## Exercise material
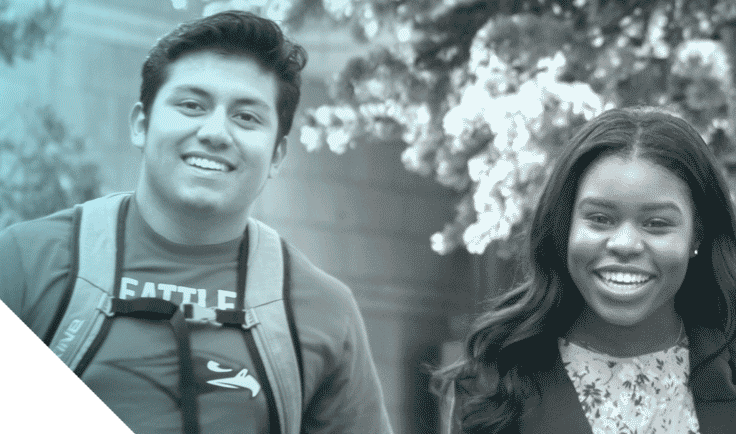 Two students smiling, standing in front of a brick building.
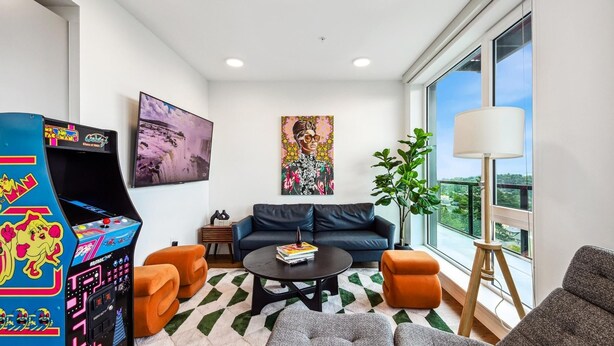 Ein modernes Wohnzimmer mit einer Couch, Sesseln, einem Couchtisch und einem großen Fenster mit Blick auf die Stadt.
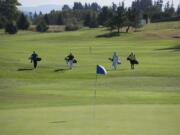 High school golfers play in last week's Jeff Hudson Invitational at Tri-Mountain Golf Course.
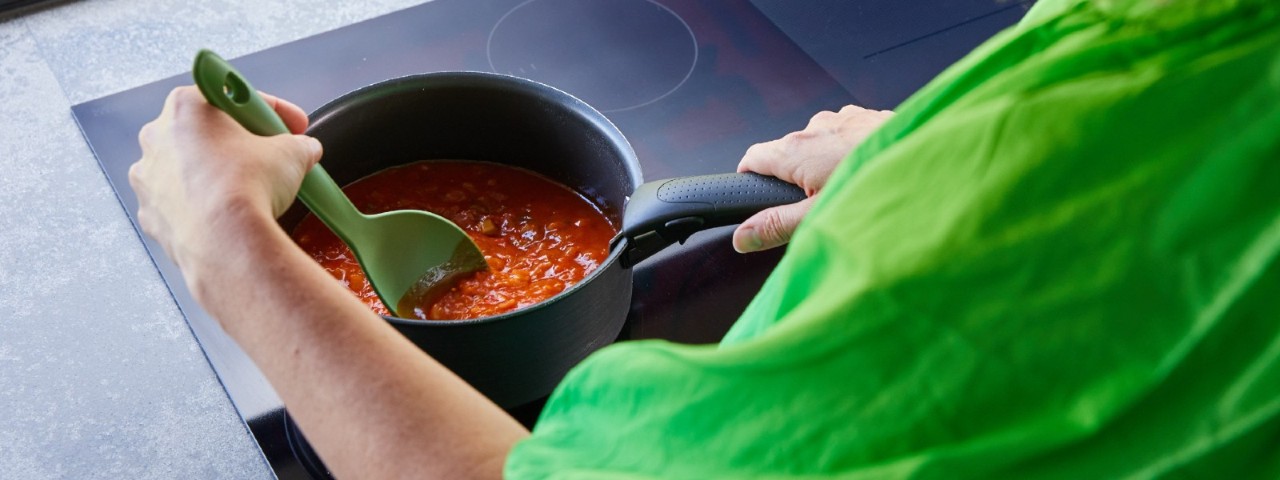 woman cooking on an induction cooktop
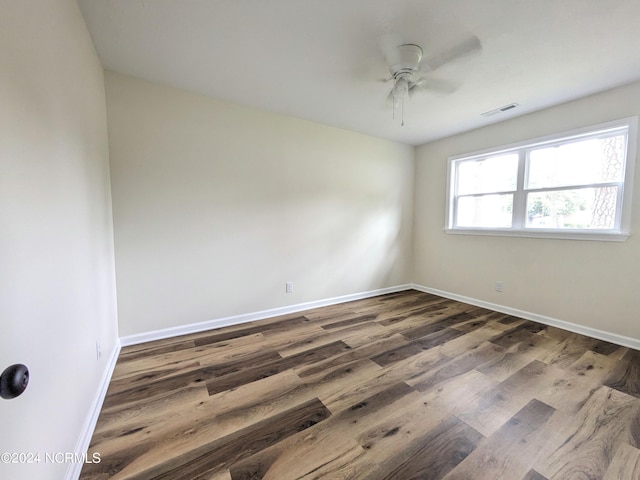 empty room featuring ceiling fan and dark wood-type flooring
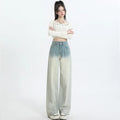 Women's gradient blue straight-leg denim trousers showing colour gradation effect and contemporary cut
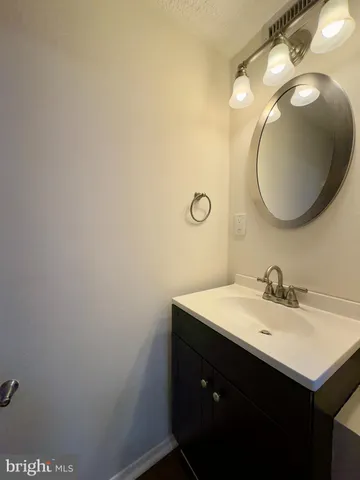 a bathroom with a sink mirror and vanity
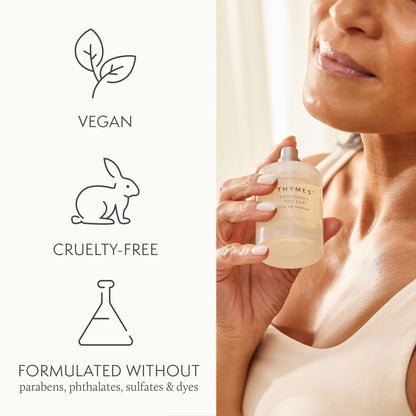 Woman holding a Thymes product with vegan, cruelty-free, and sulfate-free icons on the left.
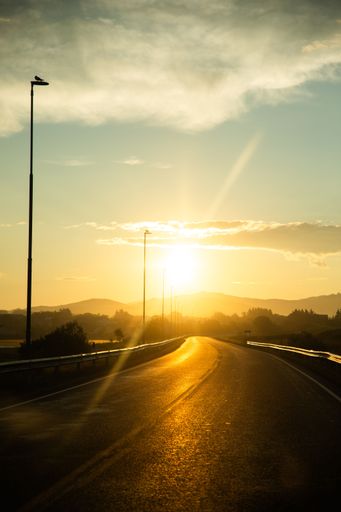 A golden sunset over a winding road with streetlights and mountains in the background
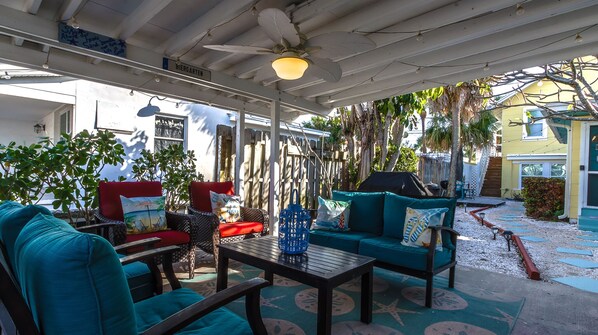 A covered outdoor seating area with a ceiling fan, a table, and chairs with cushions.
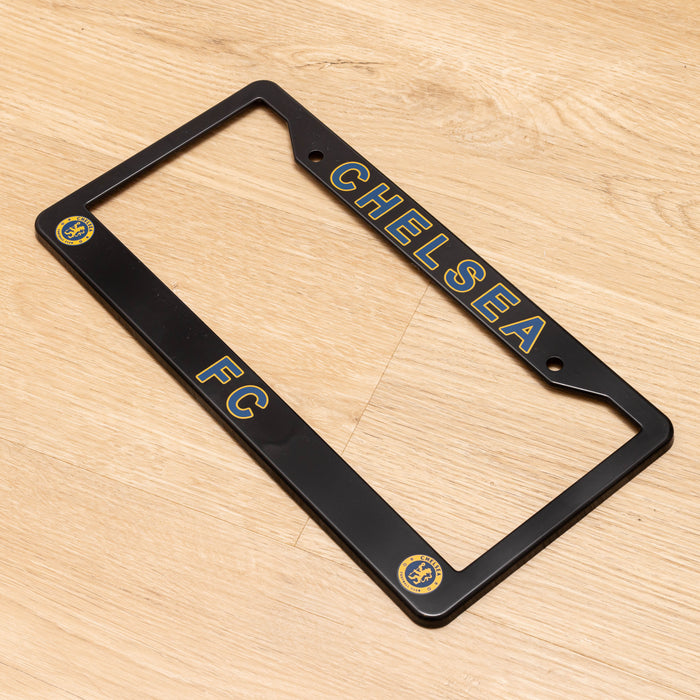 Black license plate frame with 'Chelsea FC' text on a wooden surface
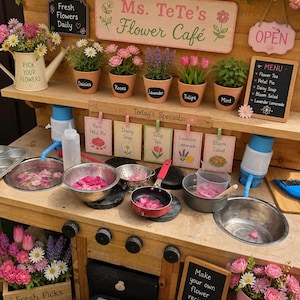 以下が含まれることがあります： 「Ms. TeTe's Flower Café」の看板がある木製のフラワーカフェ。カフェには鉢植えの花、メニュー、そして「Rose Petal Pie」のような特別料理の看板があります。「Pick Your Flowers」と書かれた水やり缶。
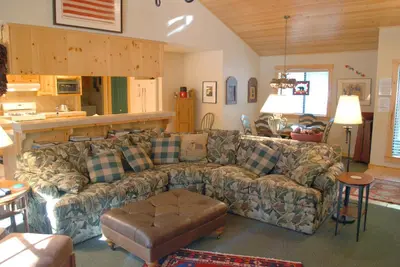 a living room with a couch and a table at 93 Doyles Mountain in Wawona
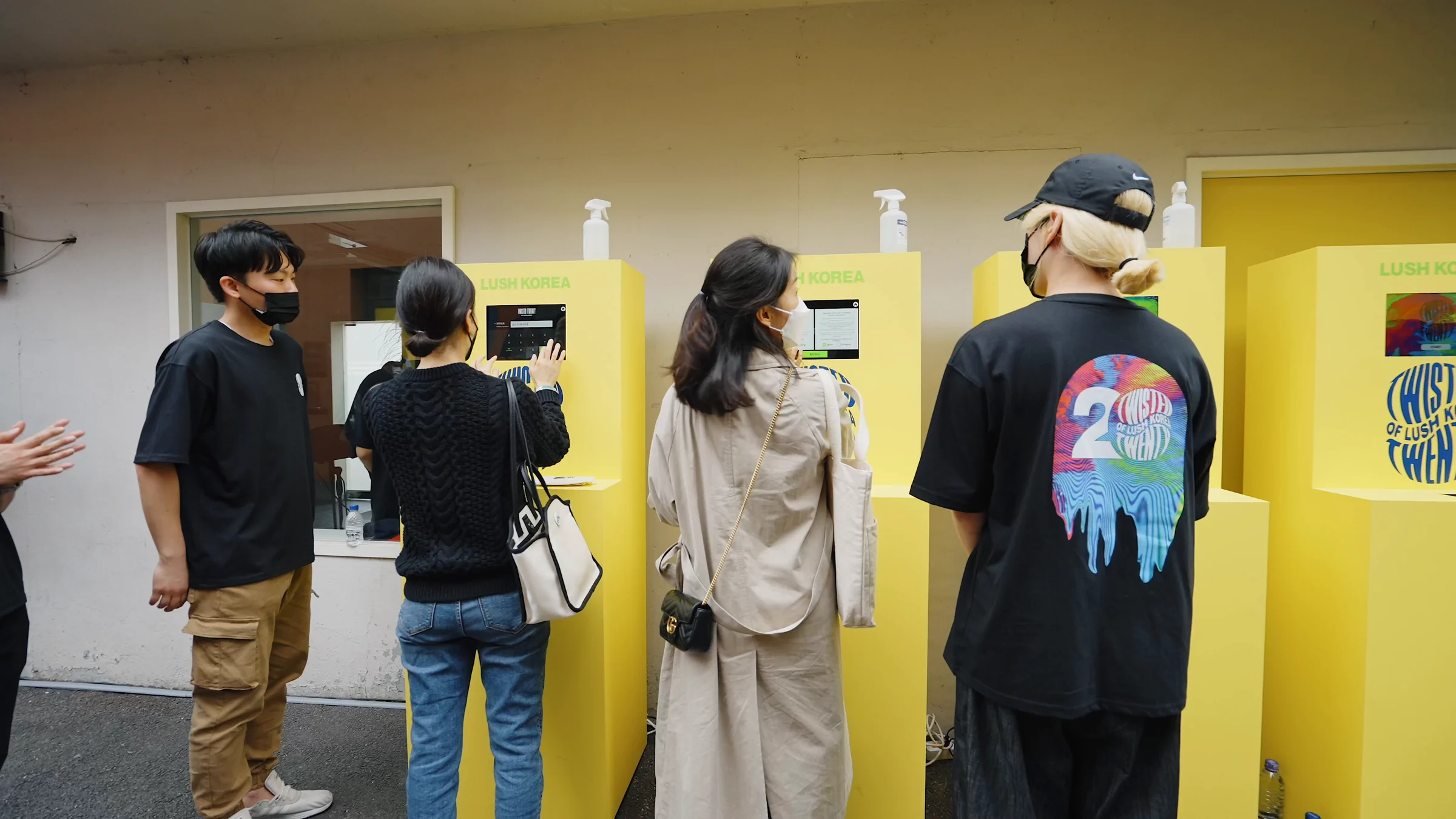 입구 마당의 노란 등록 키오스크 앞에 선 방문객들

---

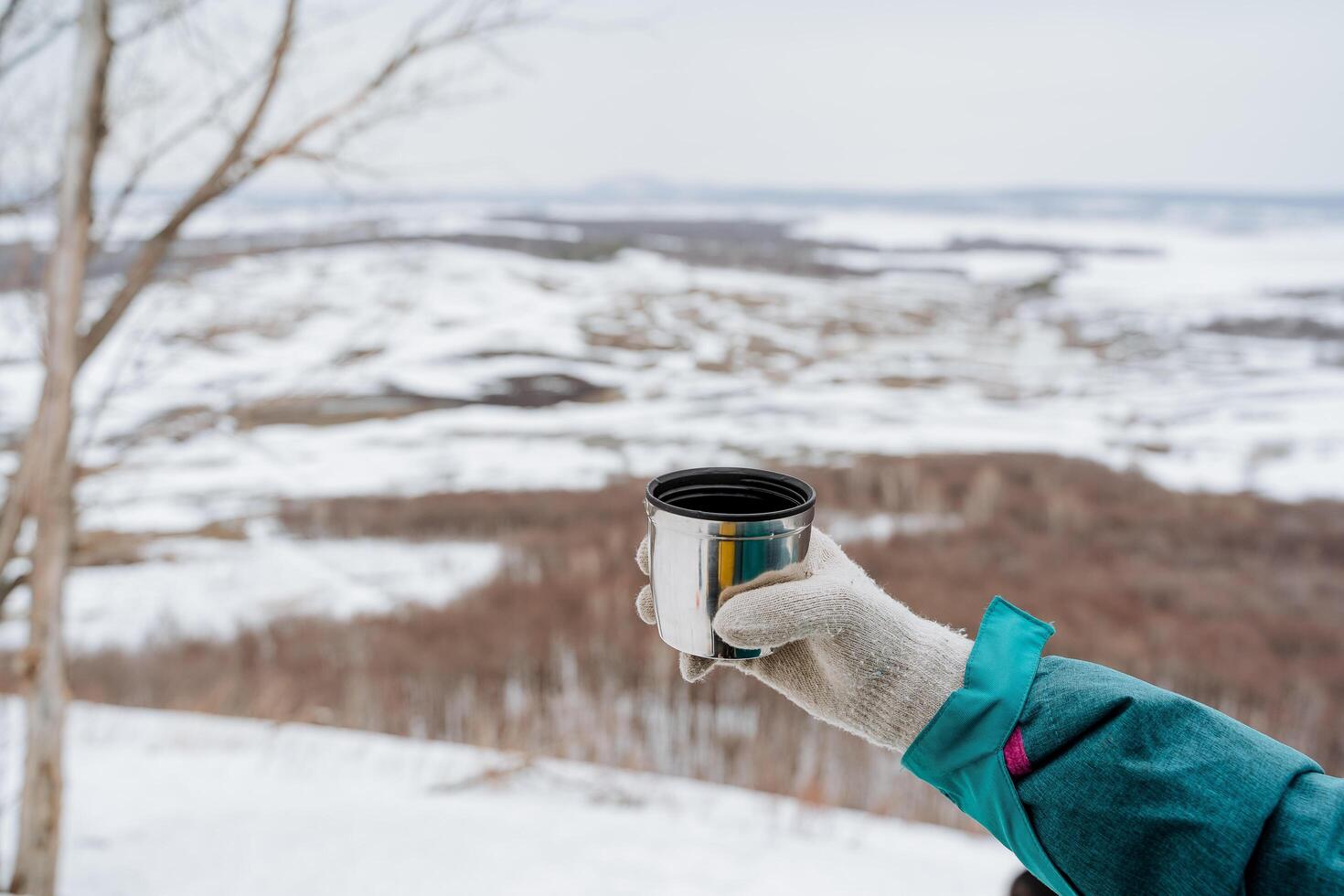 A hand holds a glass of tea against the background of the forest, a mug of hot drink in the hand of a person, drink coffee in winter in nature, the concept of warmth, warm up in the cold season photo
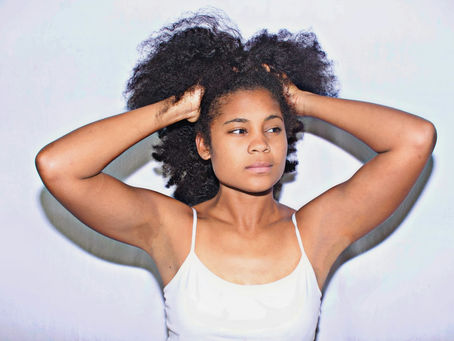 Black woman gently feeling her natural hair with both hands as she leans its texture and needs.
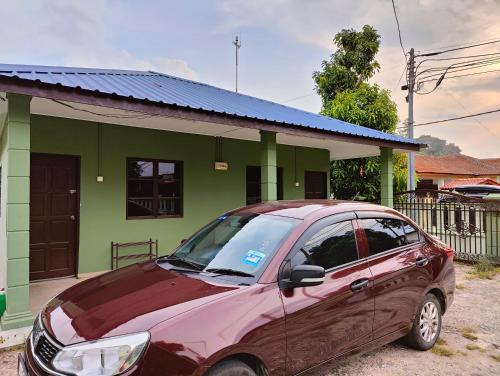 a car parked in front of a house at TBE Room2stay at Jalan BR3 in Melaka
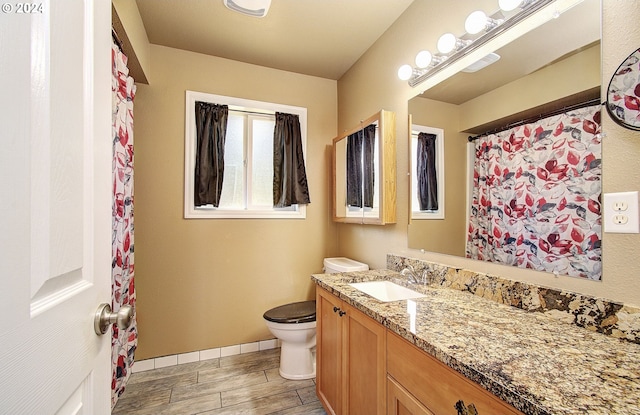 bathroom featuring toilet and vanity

## About this task
Only the lines starting at the one with "以下が含まれることがあります： 「Ms. TeTe's" and ending at the one with "입구 마당의 노란 등록 키오스크 앞에 선 방문객들" should be printed, each exactly as it appears in the material above; the pictures are to be omitted.

## Expected output
 以下が含まれることがあります： 「Ms. TeTe's Flower Café」の看板がある木製のフラワーカフェ。カフェには鉢植えの花、メニュー、そして「Rose Petal Pie」のような特別料理の看板があります。「Pick Your Flowers」と書かれた水やり缶。
 a living room with a couch and a table at 93 Doyles Mountain in Wawona
 입구 마당의 노란 등록 키오스크 앞에 선 방문객들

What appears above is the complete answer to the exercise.